A conceituação neoliberal de liberdade, portanto, se relaciona à liberdade de responder plenamente pelas suas próprias escolhas. Esta ideia não está dissociada, portanto, da sujeição de trabalhadores ao trabalho precário, excruciante ou mesmo análogo à escravidão, pois está relacionada à cultura do medo – de ser substituído, de não conseguir sobreviver. A igualdade neoliberal, por sua vez, tende a se apresentar enquanto a mais rudimentar possível, que não leva em conta as desigualdades inerentes em uma dada relação.
Sob a vigência de Constituição com forte cunho social, as mazelas do sistema se tornam mais evidentes. A liberdade sindical, por exemplo, não condiz com a irrestrita criação de sindicatos ou a autonomia em sua organização, mas a possibilidade do indivíduo trabalhador escolher se organizar e se associar, adentrando o pré-estabelecido e engessado modelo sindical pátrio.
Com a Constituição e suas emendas, a Justiça do Trabalho ganhou destaque no controle dos sindicatos. É neste espaço judicial que o sindicato resolve questões eleitorais sindicais e negociações coletivas sem acordo. Para garantir os direitos dos trabalhadores que representam, os sindicatos devem socorrer aos juízes, também detentores do direito de limitar ou proibir greves que considerem “abusivas” de acordo com a legislação.
Por vezes, ainda, a resposta da Justiça do Trabalho vem do silêncio, de sua perniciosa omissão ante os ataques sofridos pelos trabalhadores e sindicatos. A Reforma Trabalhista, contínuo processo de precarização das condições de trabalho, foi vendida enquanto necessária para a criação de novos postos de emprego. Não há dúvida de que foi, contudo, o maior golpe sofrido pelo movimento sindical desde sua inclusão no Estado de direito e pelos trabalhadores desde a substituição da estabilidade pelo FGTS.

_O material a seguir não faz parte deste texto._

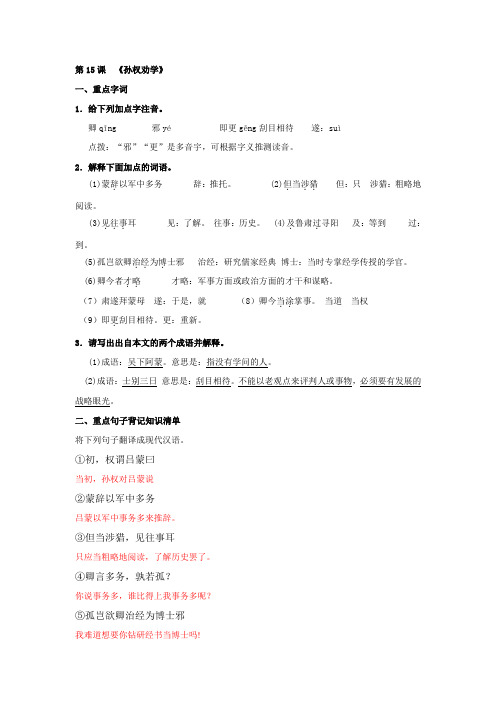 15《孙权劝学》复习教案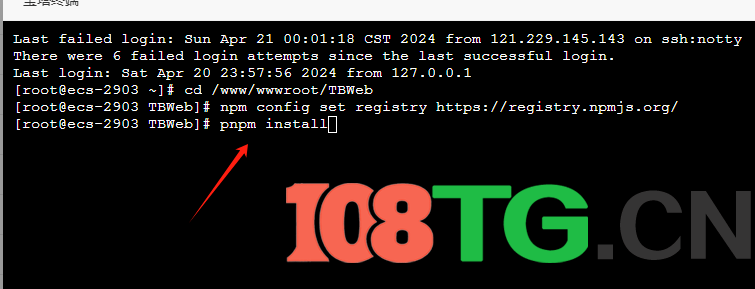 TBWeb正式稳定版V3.4.0+AI+MJ绘画+免授权无后门+详细安装教程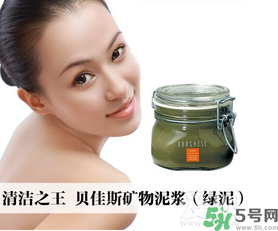 貝佳斯綠泥面膜怎么樣？貝佳斯綠泥面膜好用嗎？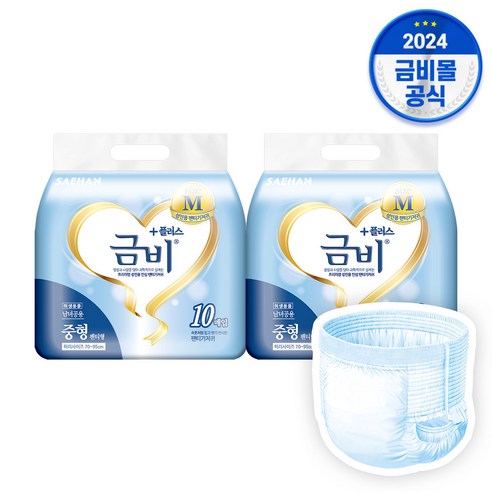 SHA207 금비 성인용기저귀 겉기저귀 팬티형 중형, 10매, 2개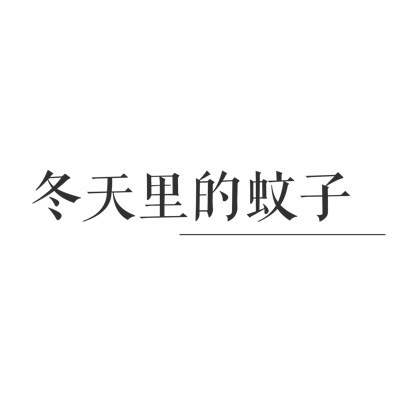 猜字谜东洋话打一字答案,四个字谜打一成语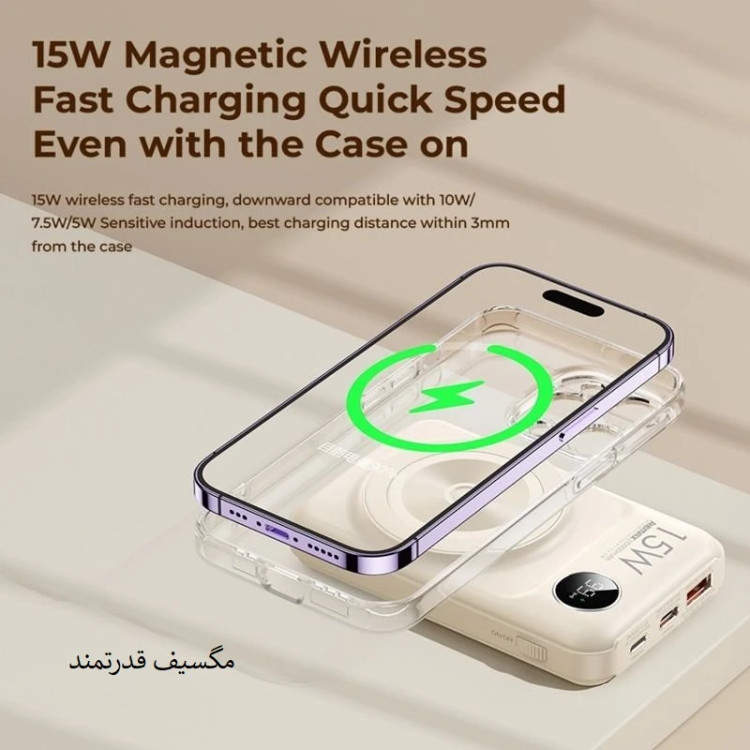 پاوربانک ریمکس مدل MagSafe Wireless Fast Charge RPP-527 ظرفیت 10000 میلی آمپر ساعت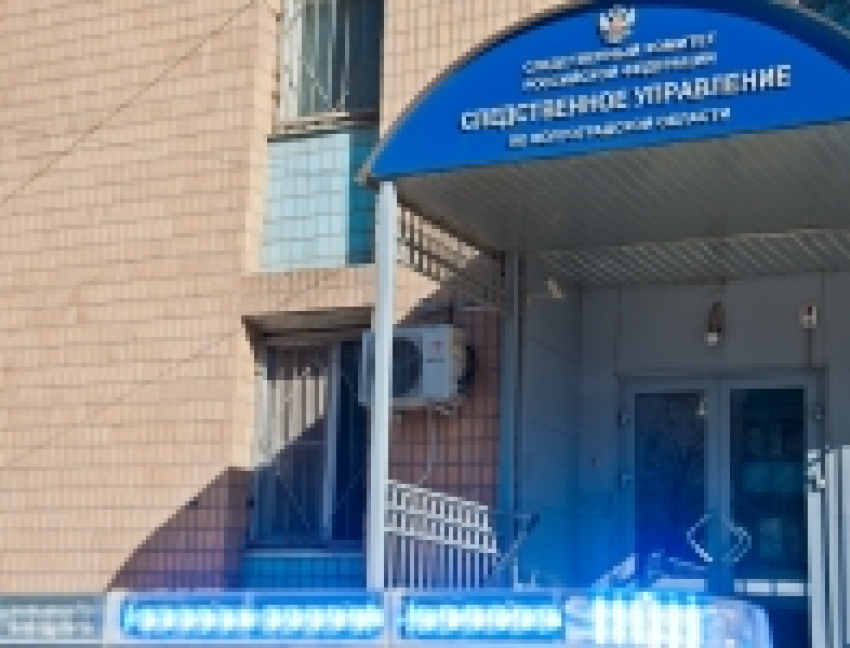 В Волгоградской области завершено расследование уголовного дела о получении взяток при незаконном оформлении инвалидности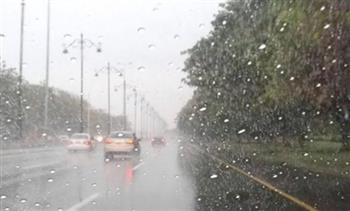 نصائح لتجنب التقلبات الجوية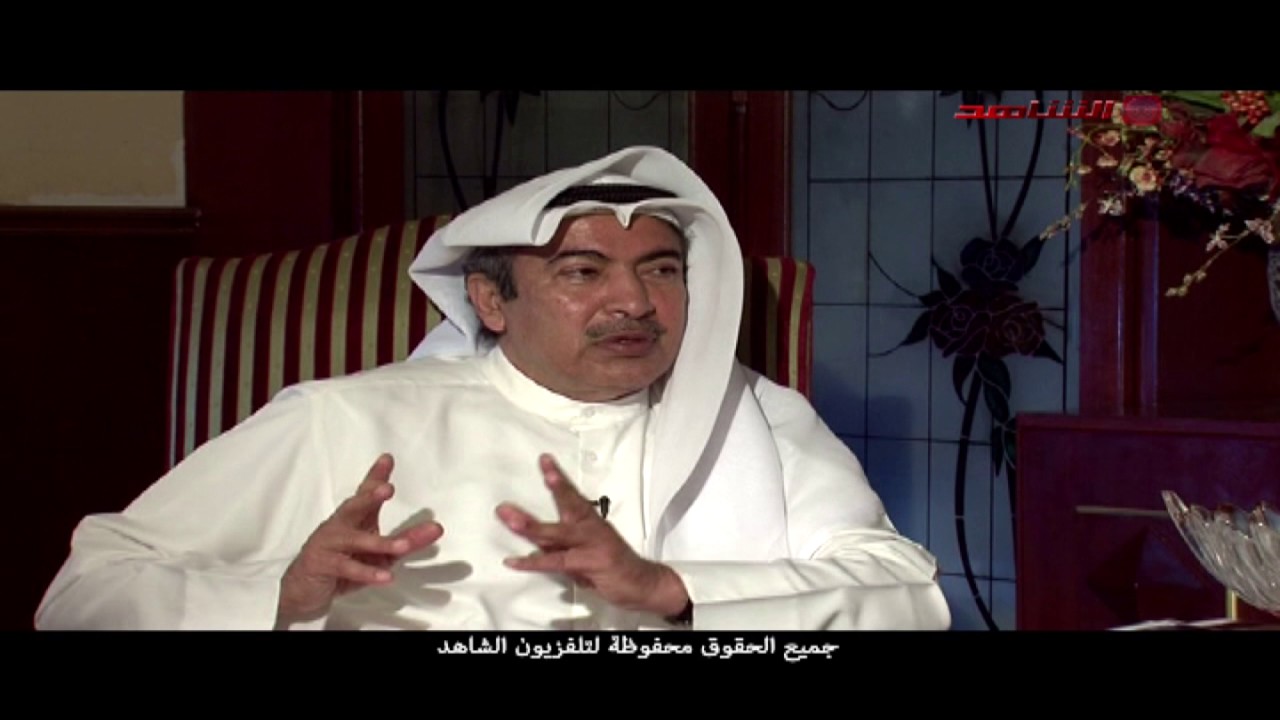الدكتور سامي الفرج وحديث عن عائله الفرج الكريمه الجزء الاول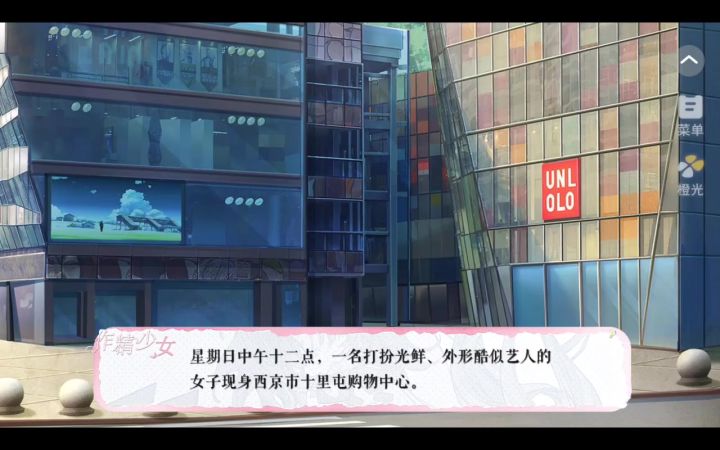 作精少女截图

Buscam as alterações legislativas “equilibrar” a relação entre a parte trabalhadora e a parte empregadora, ignorando a assimetria de forças que dá origem ao contrato de trabalho. Os ataques podem vir de forma direta ao trabalhador, pelos ataques ao acesso à justiça ou com a outorga de “liberdade”, no sentido neoliberal, para negociar diretamente com o patrão. Todavia, ao se atacar o sindicato, se pode atingir a capacidade de organização da classe trabalhadora, diretamente, e os próprios trabalhadores, indiretamente.
Ampliou-se o espaço para negociação coletiva, com valorização das normas acordadas entre sindicatos e empresas em detrimento da legislação. Ao mesmo tempo, contudo, foi tirada importante fonte de custeio do sindicato e foram limitados os efeitos da negociação coletiva. Ou seja, caso a negociação não ocorra na data prevista, os trabalhadores perdem todos os direitos da última negociação e partem da estaca zero. A entidade também foi legalmente afastada de seu papel de assistir o empregado no momento em que mandado embora.
O sindicato enfraquecido, por óbvio, não é de interesse dos empregados – ainda que estes possam se posicionar de forma contrária ao sindicato – mas na lógica neoliberal significa maior facilidade para retirar direitos trabalhistas negociados ou sair ileso de violações cometidas. A classe trabalhadora perde o controle sobre suas condições de trabalho, o que gera uma vulnerabilidade política e econômica que destrói sua capacidade de reação e a leva a aquiescer com sua submissão total ao capital.
O conflito entre sindicato e Justiça do Trabalho pode, portanto, estar na crença daquele de que esta é neutra para decidir embates entre trabalho e capital ou, ainda, de que ela serve os trabalhadores e seus interesses. Ante as numerosas alterações legislativas sofridas, era de se esperar que a Justiça do Trabalho apontasse a ausência de harmonia entre as novas normas, provenientes dos governos Temer e Bolsonaro, e o Direito do Trabalho, seja em sua previsão constitucional, legal, internacional ou principiológica. Não é o que se verifica.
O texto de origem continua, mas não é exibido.